In Once upon a Time in the West, the threat of sexual violence is nearly omnipresent, which sits on a faintly discomfiting line between historical reality and artistic licence. For Leone particularly, questionable depictions of rape dogged him through his career. In his decade-spanning gangster film Once upon a Time in America (1984), one of the most disturbing and arguably dramatically unnecessary rape scenes committed to celluloid takes place. Although a whole article could be devoted to the sexual politics of that film, it’s evident that Sergio Leone was not forward-thinking on the subject. As with many directors before and after (from Luchino Visconti straight through to Abel Ferrara), rape is treated as a motivator for male protagonists rather than a crime visited on women.

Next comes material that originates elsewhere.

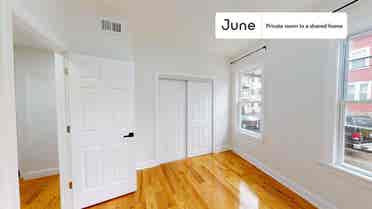 4 BR in Boston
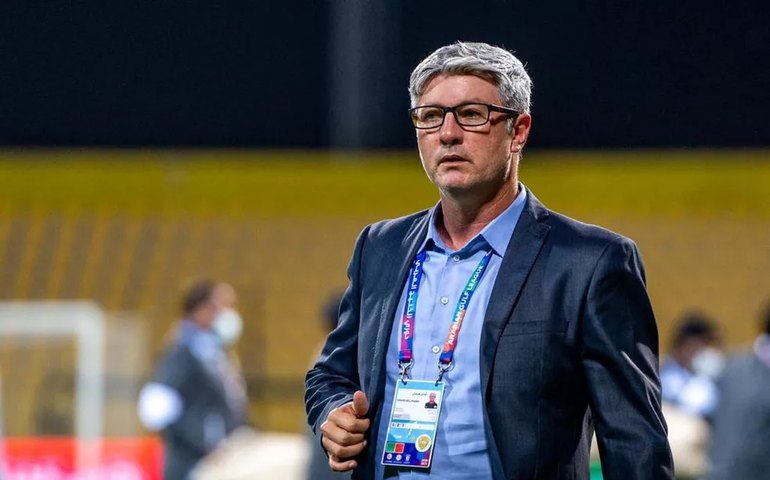 Odair Hellmann admite que deve rodar o elenco e quer Santos com &#8216;mais calma&#8217;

It may be that Cardinale’s imperilled pioneer widow is empowered only by a matter of degrees, stuck in a dirty and dangerous frontier that frequently made victims of its more vulnerable inhabitants. But she is the overruling force at the centre of the narrative, not so much the sole driver of plot but one whose appraisal of the actions of the violent men around her matter deeply to the narrative.
It’s through Jill’s eyes that we survey the emptiness of their machinations, the needless bloodshed at their hands, the greed that Leone is so intent on underlining. Her affection for Harmonica and for the unfairly framed Cheyenne (Jason Robards) gives them credence. There is an archetype for a role like this one, and perhaps in some ways it’s as inflexible as putting her on a goddess-like pedestal. Leone sees Cardinale in the mold of the woman-as-survivor – a witness to the cruel deeds of men. But she is also maybe the most sympathetic character in the film, beset by the predatory motivations of even the ‘good’ cowboys around her.

This is a woman as idea, symbol, abstraction; not in her full humanity. But perhaps the entire film is made up of movie myth and archetype, with its shimmering vistas and riveting close-ups. Once upon a Time in the West is as much a reflection of cinema past as it is of the historical frontier.

Cardinale fiercely and defiantly embodies her role, rolling around in the dirt rather than swanning around in pristine gowns, and there’s something to be said for it. Perhaps it’s evidence that Leone was giving thought to the roles and sufferings of women in the grandiose, death-and-glory landscape of the American west. Perhaps Leone thought about it more many might give him credit for.